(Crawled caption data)
++++++++++++++++++++

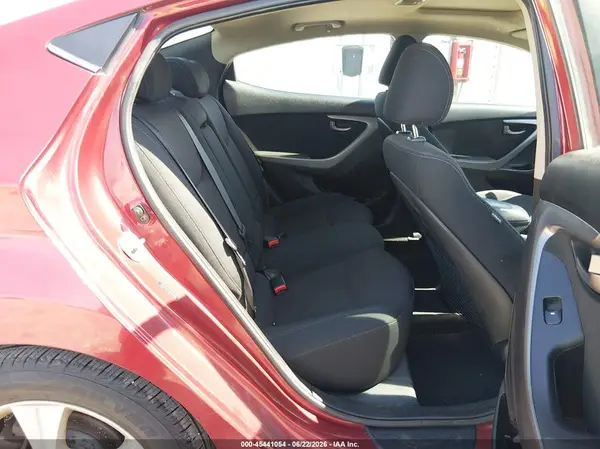 5NPDH4AE4GH797958 2016 HYUNDAI ELANTRA - Image 8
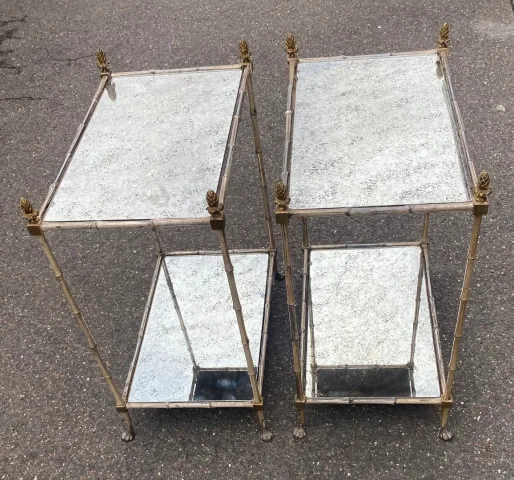 1950′ Paire de Tables Maison Baguès Décor Bambou en Bronze Argenté Avec Plateaux Miroirs Oxydés Vieilli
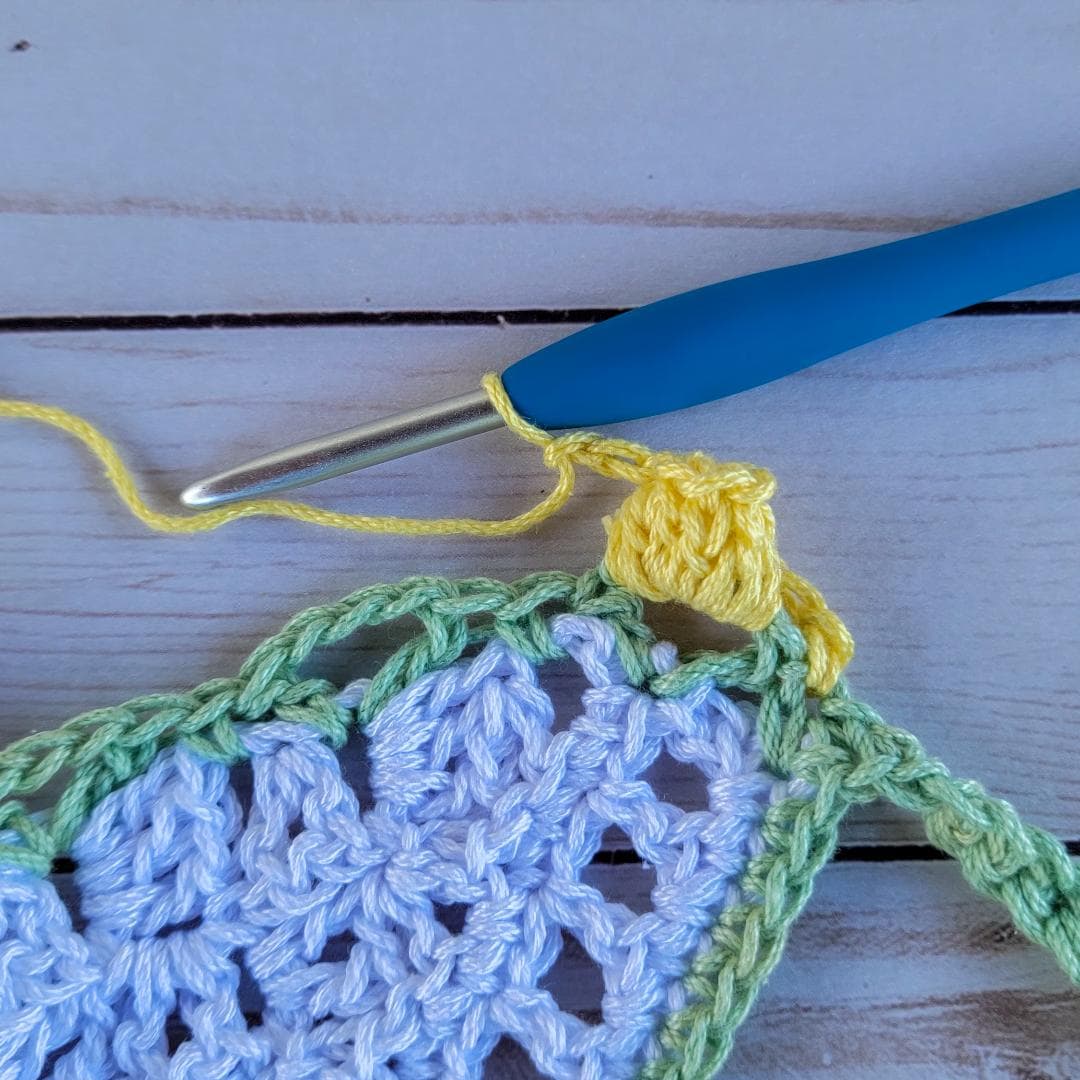 Create Your Own Crochet Summer Bandana &ndash; A Trendy Accessory for Your Summer Wardrobe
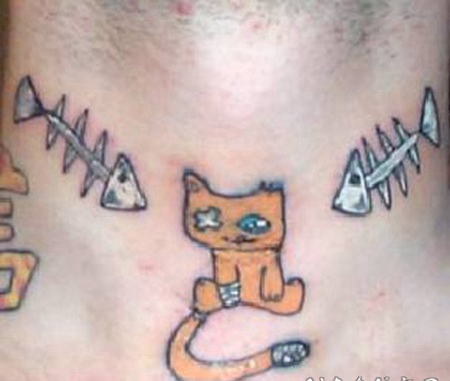 鱼骨头和卡通小猫彩色纹身图案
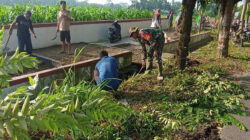 Minggu Bersih, Babinsa Kelurahan Tanggung Ajak Warga Gotong Royong Bersihkan Lingkungan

++++++++++++++++++++

| EXERCISE DETAILS |
Output all lines above precisely. Pictures are to be left out.

| ANSWER FOR THIS EXERCISE |
 5NPDH4AE4GH797958 2016 HYUNDAI ELANTRA - Image 8
 1950′ Paire de Tables Maison Baguès Décor Bambou en Bronze Argenté Avec Plateaux Miroirs Oxydés Vieilli
 Create Your Own Crochet Summer Bandana &ndash; A Trendy Accessory for Your Summer Wardrobe
 鱼骨头和卡通小猫彩色纹身图案
 Minggu Bersih, Babinsa Kelurahan Tanggung Ajak Warga Gotong Royong Bersihkan Lingkungan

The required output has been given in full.